◆ WHAT THE TASK ASKS
Beginning with the line that has "white mom holding little white baby emoji" and ending with the line that has "Long Sleeves Square", retype the entries below exactly, except for the pictures.

(Stored entries)

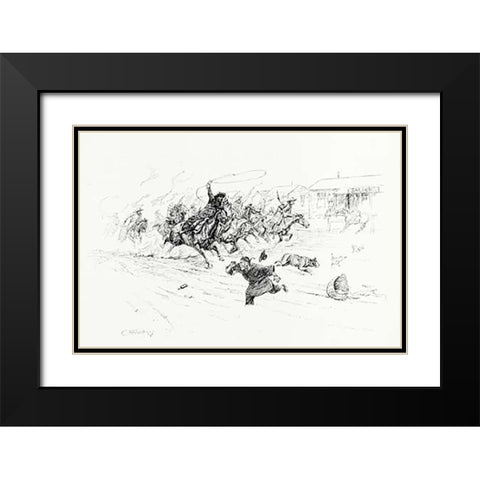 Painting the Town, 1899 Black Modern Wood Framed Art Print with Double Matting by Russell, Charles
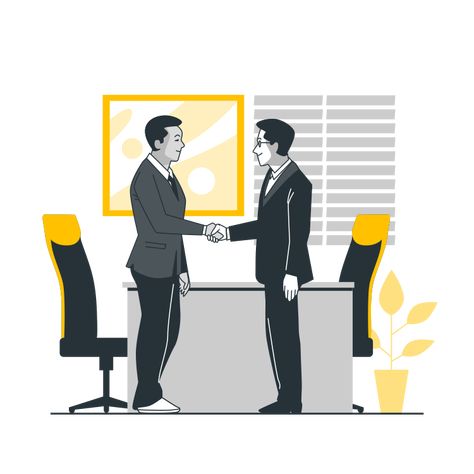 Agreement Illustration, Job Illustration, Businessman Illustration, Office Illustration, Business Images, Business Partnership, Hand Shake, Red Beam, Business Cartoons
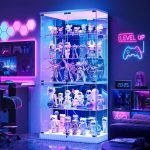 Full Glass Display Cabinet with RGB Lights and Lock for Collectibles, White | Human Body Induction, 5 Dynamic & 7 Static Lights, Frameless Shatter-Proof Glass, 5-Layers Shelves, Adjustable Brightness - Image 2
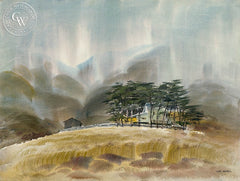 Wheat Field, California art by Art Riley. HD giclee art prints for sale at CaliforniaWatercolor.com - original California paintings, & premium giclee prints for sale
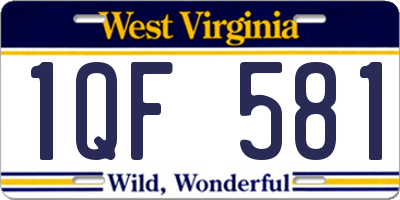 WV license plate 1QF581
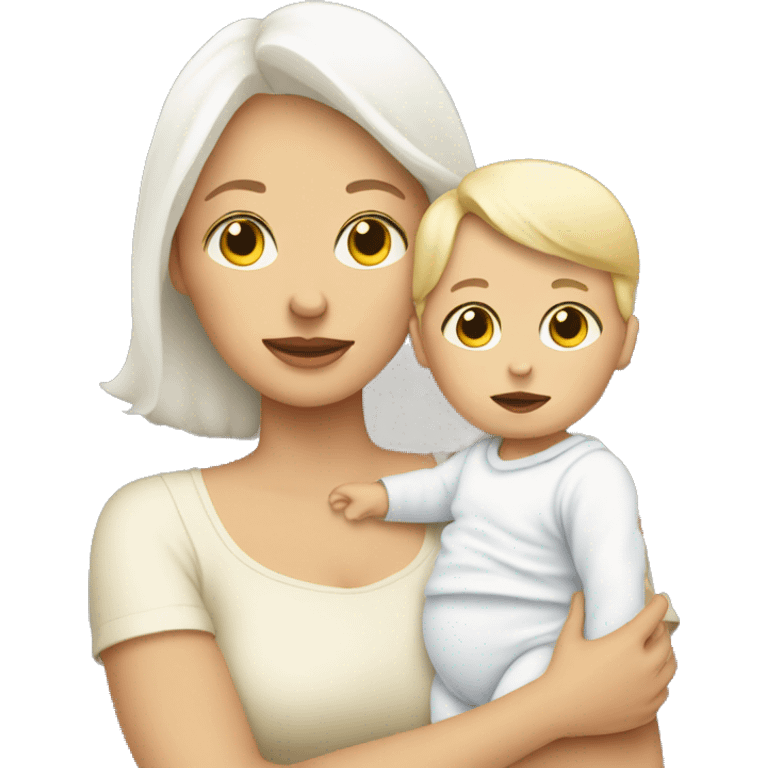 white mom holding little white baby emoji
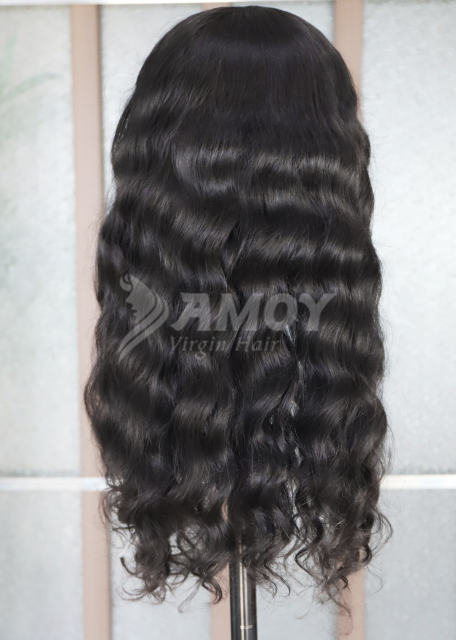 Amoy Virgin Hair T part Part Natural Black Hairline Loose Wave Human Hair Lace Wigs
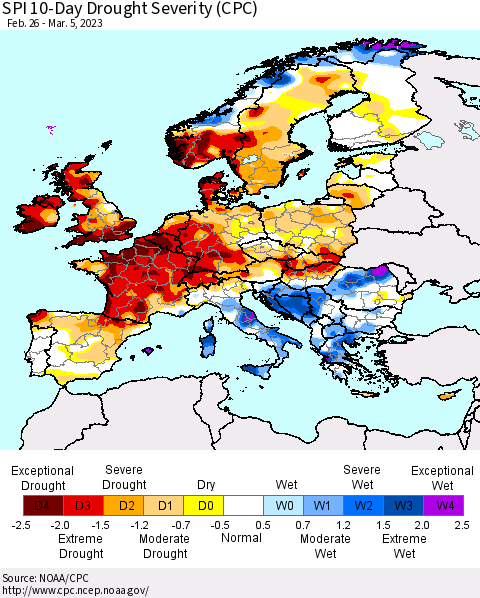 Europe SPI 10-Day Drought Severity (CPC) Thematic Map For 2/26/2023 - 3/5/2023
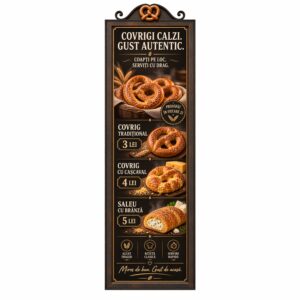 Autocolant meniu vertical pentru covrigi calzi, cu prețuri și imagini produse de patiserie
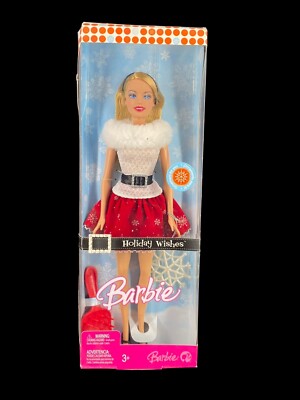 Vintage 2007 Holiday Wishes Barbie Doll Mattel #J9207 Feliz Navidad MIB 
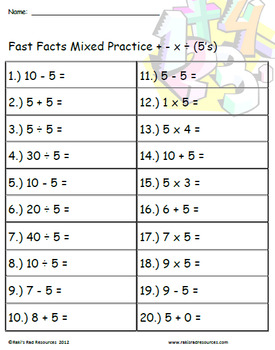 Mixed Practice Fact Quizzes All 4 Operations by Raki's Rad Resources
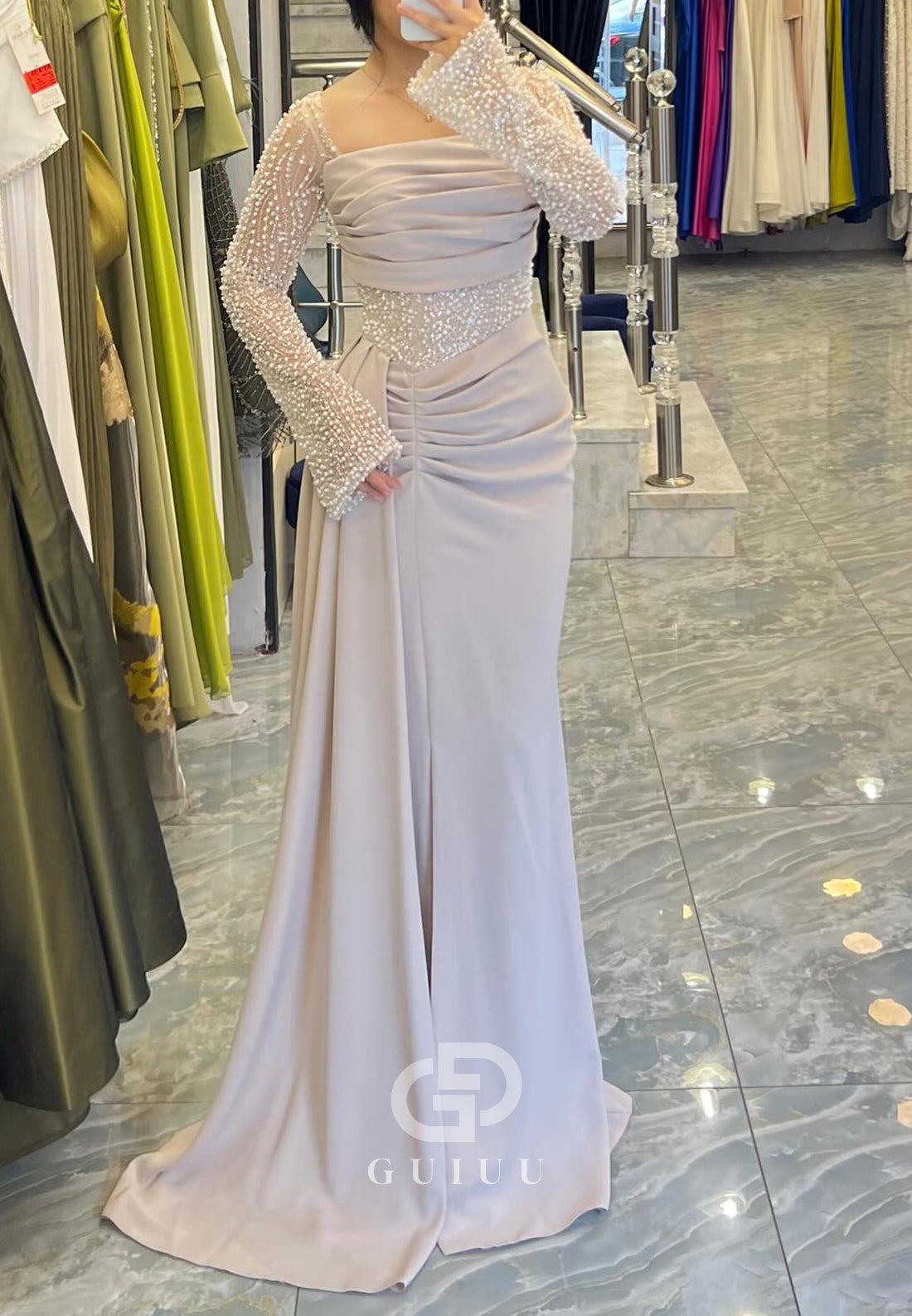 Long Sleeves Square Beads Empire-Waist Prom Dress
* * *
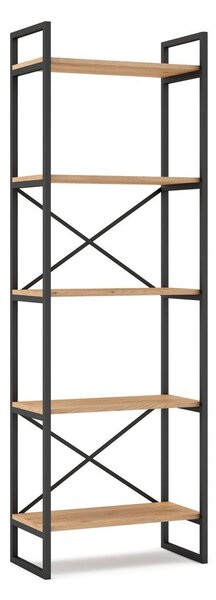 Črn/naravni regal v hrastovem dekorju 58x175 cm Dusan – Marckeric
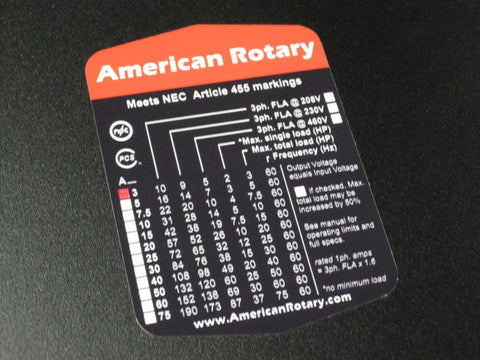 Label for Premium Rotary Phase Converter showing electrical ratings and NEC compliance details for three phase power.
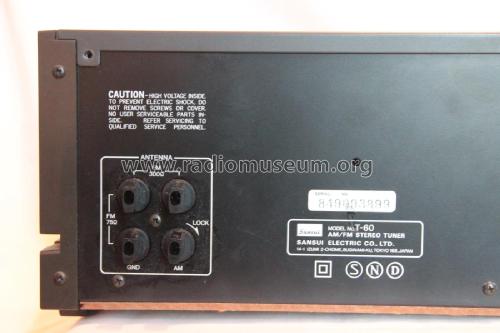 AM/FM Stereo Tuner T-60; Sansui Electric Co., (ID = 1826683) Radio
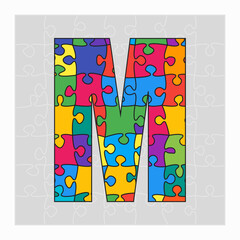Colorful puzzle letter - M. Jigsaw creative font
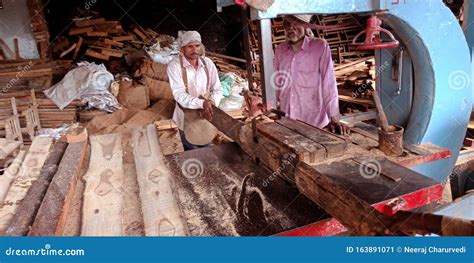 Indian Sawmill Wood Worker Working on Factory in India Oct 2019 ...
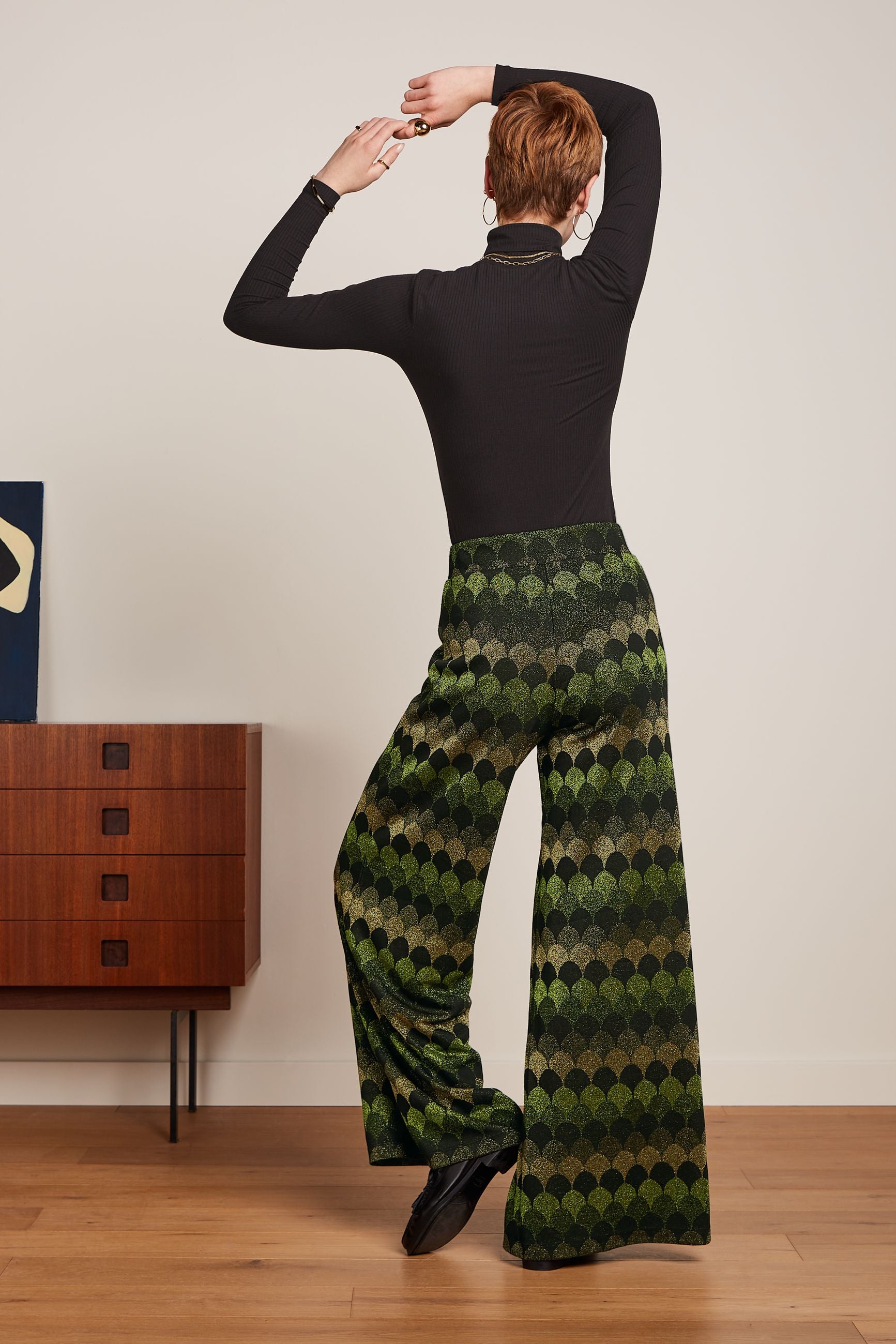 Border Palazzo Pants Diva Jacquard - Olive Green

◆ EXERCISE RESULT
 white mom holding little white baby emoji
 Amoy Virgin Hair T part Part Natural Black Hairline Loose Wave Human Hair Lace Wigs
 Europe SPI 10-Day Drought Severity (CPC) Thematic Map For 2/26/2023 - 3/5/2023
 Autocolant meniu vertical pentru covrigi calzi, cu prețuri și imagini produse de patiserie
 Vintage 2007 Holiday Wishes Barbie Doll Mattel #J9207 Feliz Navidad MIB 
 Mixed Practice Fact Quizzes All 4 Operations by Raki's Rad Resources
 Long Sleeves Square Beads Empire-Waist Prom Dress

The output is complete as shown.